The log-invalid-packet CLI setting is one that is intended to log invalid ICMP packets. The exact definition being:

If the ForitGate unit receives an ICMP error packet that contains an embedded IP(A,B)|TCP (C,D) header, then if FortiOS can loacate the A:C -> B:D session it checks to make sure that the sequence number in the TCP header is within the range recorded in the session. If the sequence number is not in range then the ICMP packet is dropped.

When this field is enabled, the FortiGate also log messages that are not ICMP error packets.

Types of logs covered by log-invalid-packet

• Invalid ICMP
• If ICMP error message verification (see "check-reset-range") is enabled

• Invalid DNS packets
• DNS packets that contain requests for non-existing domains

• iprope check failed
• reverse path check fail
• denied and broadcast traffic
• no session matched

Some other examples of messages that are not errors that will be logged, based on RFC792:

Type 3 messages correspond to "Destination Unreachable Message"

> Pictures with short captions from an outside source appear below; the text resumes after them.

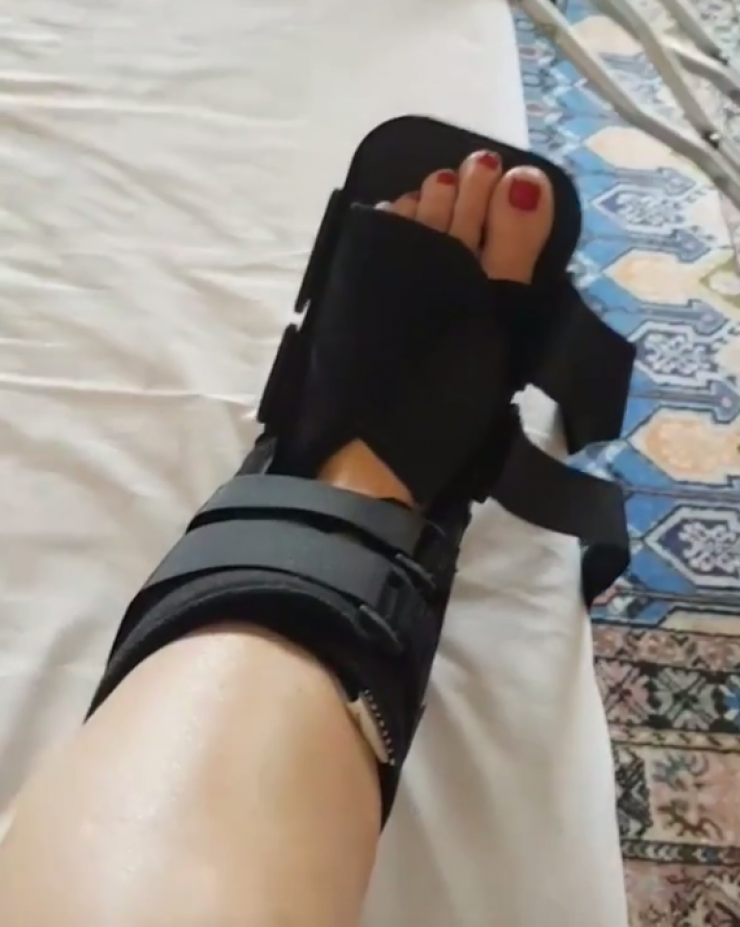 Το τραυματισμένο πόδι Ελληνίδας παρουσιάστριας! [βίντεο]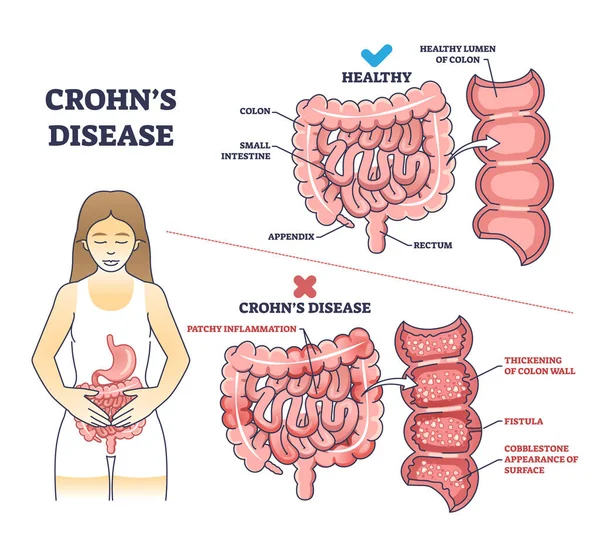 Enfermedad Crohns Como Problema Inflamatorio Intestinal Explicación Esquema Diagrama Comparación — Archivo Imágenes Vectoriales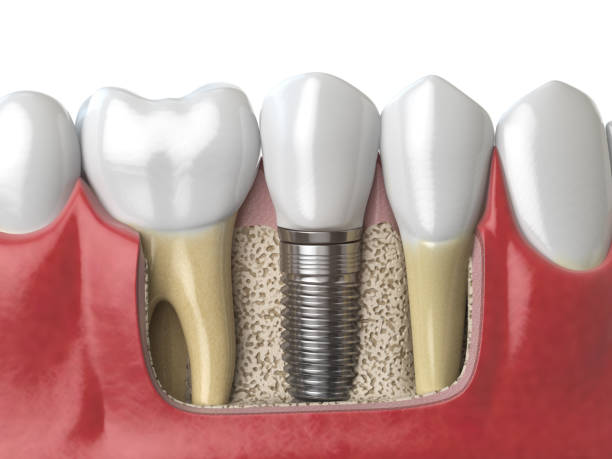 anatomía de los dientes sanos y dientes implantes dentales en humano dentura. - artificial metal healthcare and medicine technology fotografías e imágenes de stock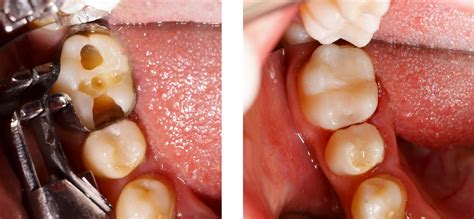 Amalgame Et Composite — Vo Dentistes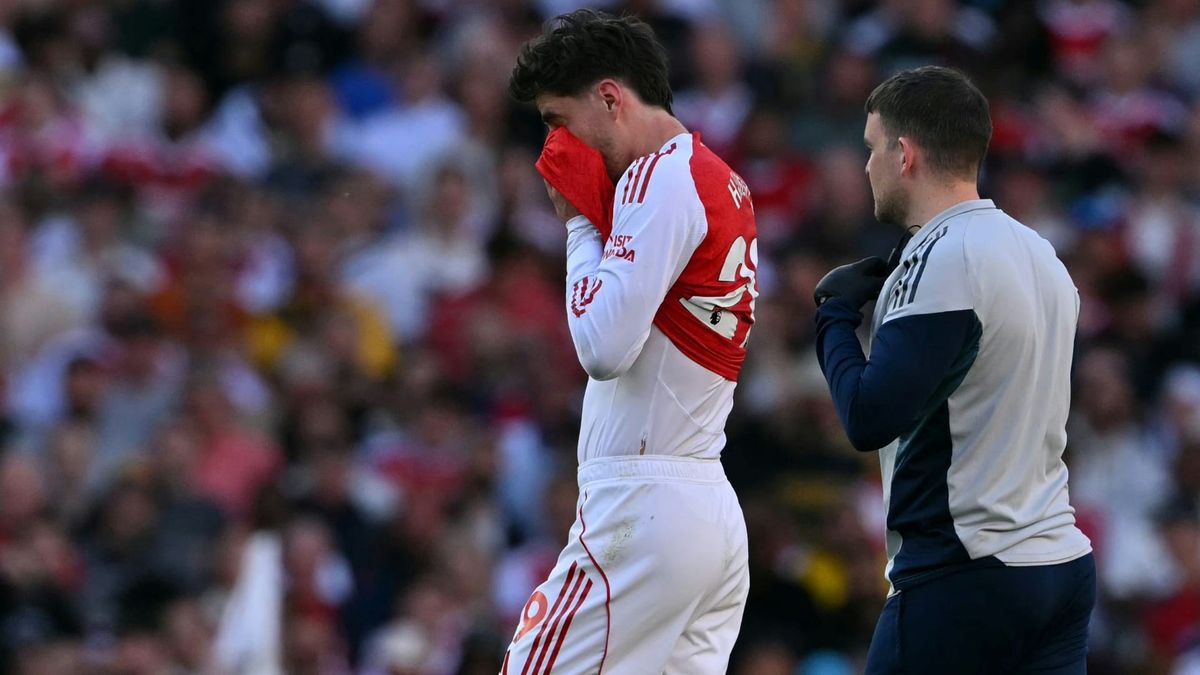 Arsenal: Havertz verpasst Halbfinal-Hinspiel in Madrid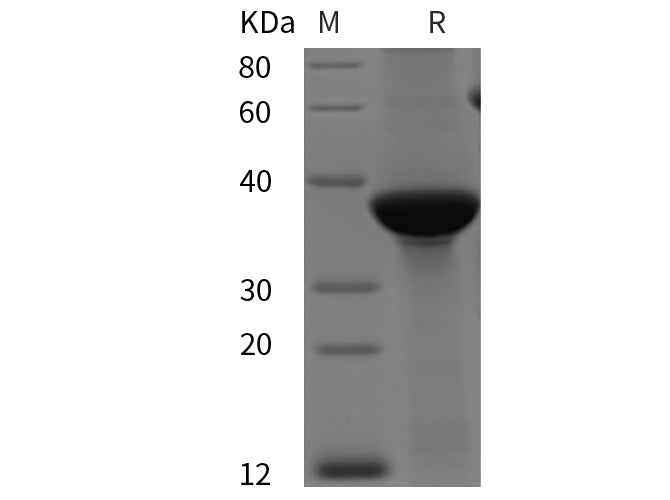 SDS-PAGE analysis of Human Glucagon-like peptide 1/GLP-1 proteins, 2 μg/lane of Recombinant Human Glucagon-like peptide 1/GLP-1 proteins was resolved with SDS-PAGE under reducing conditions, showing bands at 38 kDa.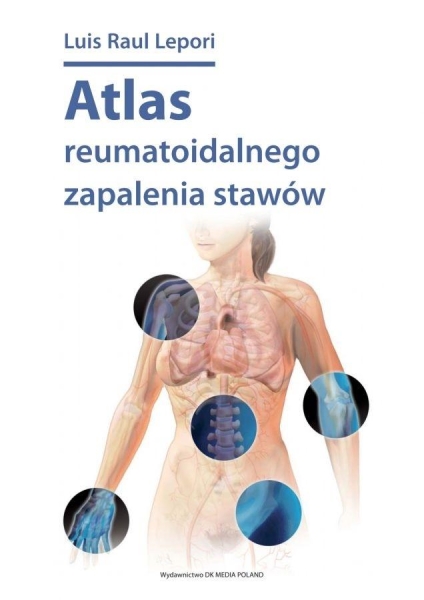 ATLAS REUMATOIDALNEGO ZAPALENIA STAWÓW LEPORI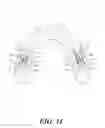 Fig. 12 - Oral apparatuses and methods for mandibular jaw manipulation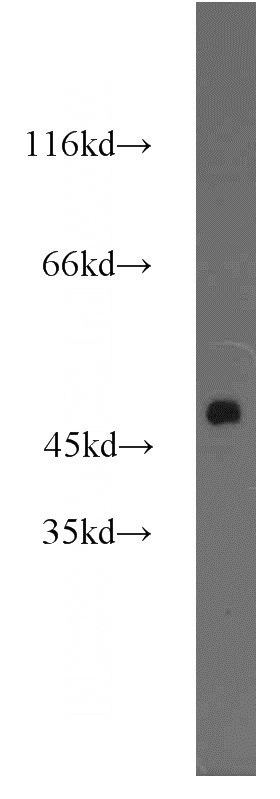 mouse liver tissue were subjected to SDS PAGE followed by western blot with Catalog No:111601(IDH1 antibody) at dilution of 1:2000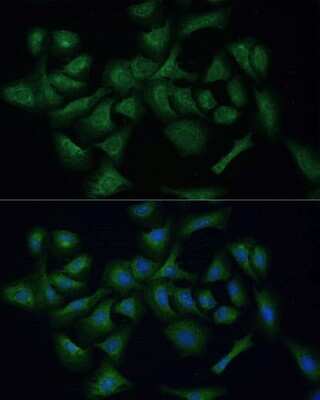 Immunocytochemistry/ Immunofluorescence: REXO2 Antibody - Azide and BSA Free [NBP2-93904]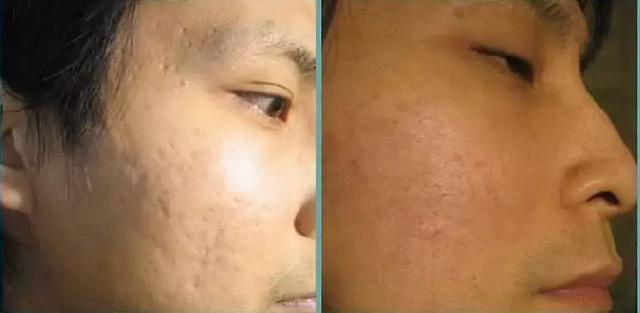 一坑毀所有，我要填平痘坑去往新生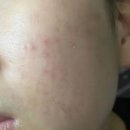 미미약국 이미지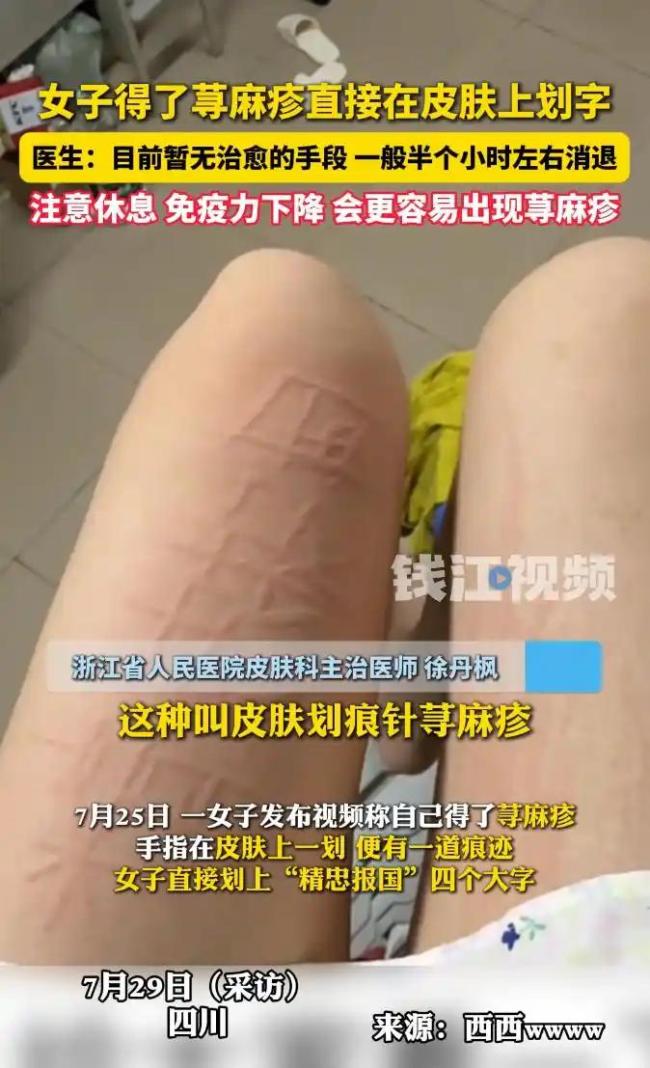 醫(yī)生談患蕁麻疹能在皮膚劃字 皮膚劃痕癥可藥物緩解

• Type 3, Code 1 = host unreachable
• Type 3, Code 3 = port unreachable

Type 11 messages correspond to "Time Exceeded Message"

• Type 11, Code 0 = time to live exceeded in transit

ICMPv6

Internet Control Message Protocol version 6 (ICMPv6) is the new implementation of the Internet Control Message Protocol (ICMP) that is part of Internet Protocol version 6 (IPv6). The ICMPv6 protocol is defined in RFC 4443.

ICMPv6 is a multipurpose protocol. It performs such things as:

• error reporting in packet processing
• diagnostic functions
• Neighbor Discovery process
• IPv6 multicast membership reporting

It also designed as a framework to use extensions for use with future implementations and changes.

Examples of extensions that have already been written for ICMPv6:

• Neighbor Discovery Protocol (NDP) - a node discovery protocol in IPv6 which replaces and enhances functions of ARP.
• Secure Neighbor Discovery Protocol (SEND) - an extension of NDP with extra security.
• Multicast Router Discovery (MRD) - allows discovery of multicast routers.

ICMPv6 messages use IPv6 packets for transportation and can include IPv6 extension headers. ICMPv6 includes some of the functionality that in IPv4 was distributed among protocols such as ICMPv4, ARP (Address Resolution Protocol), and IGMP (Internet Group Membership Protocol version 3).

ICMPv6 has simplified the communication process by eliminating obsolete messages.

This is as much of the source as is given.